The agreement included a $5 million exit fee for any school leaving within five years. That deal unraveled and the WAC was reduced to just six teams. Also in question is the scheduling agreement with BYU, which could seek to strike a similar deal with the West Coast Conference or opt to remain in the Mountain West.
So the WAC must now land at least a couple of teams. Among the candidates are the likes of Montana, UC Davis, Sacramento State, Cal Poly, Texas-San Antonio and Texas State. The problem is that none of those schools can truly replace the three departing programs.
Here in Hawaii, there is a lot of hand-wringing and words of recrimination aimed at the defecting schools.
But let’s be real: If the Mountain West had made UH the some offer it extended to Fresno State and Nevada, wouldn’t you have considered it in Hawaii’s best interest to accept?
Isn’t the WAC being disingenuous in whining about losing two members when it worked for six weeks on a plan that would facilitate BYU’s exit from the Mountain West?.

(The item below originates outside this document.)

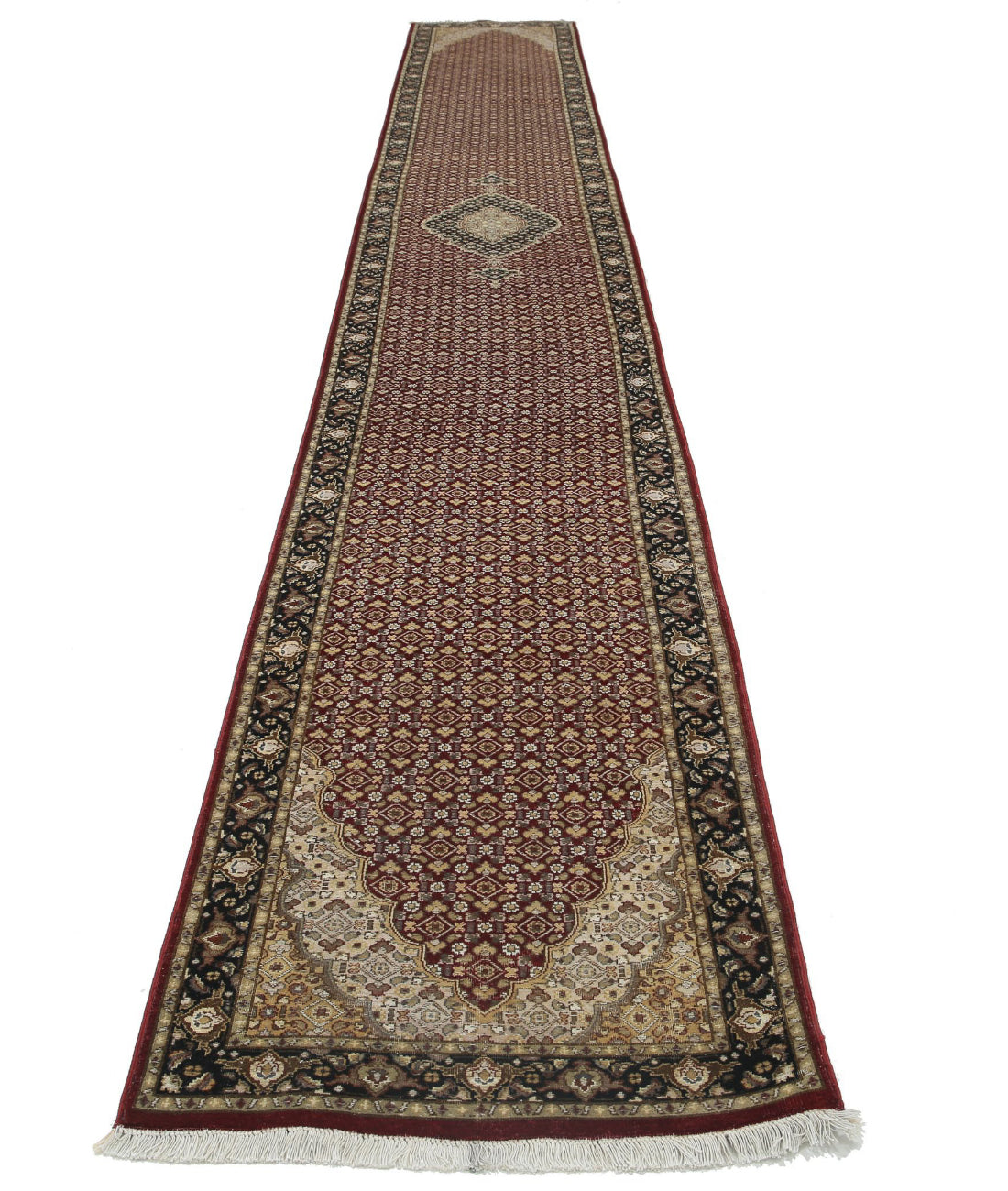 Heritage 2'7'' X 20'3'' Hand-Knotted Wool-Silk Rug 2'7'' x 20'3'' (78 X 608) / Red / Black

Didn’t the WAC also consider poaching UNLV and San Diego State?
And isn’t Hawaii currently weighing its own options, including staying in the WAC, trying to get into a different conference and going independent, at least in football.
The remaining six schools are no longer bound to the agreement since Fresno State and Nevada left. They are free to leave, as well, without penalty — although you suspect the main reason they are trying to stick together is so they can receive the $10 million combined buyout.
Which only goes to show that there is no honor among thieves … or college presidents when it comes to big-time sports. The only school to show any honor in this mess is Utah State, which was the first school approached by the Mountain West but decided to honor its solidarity pact with the WAC.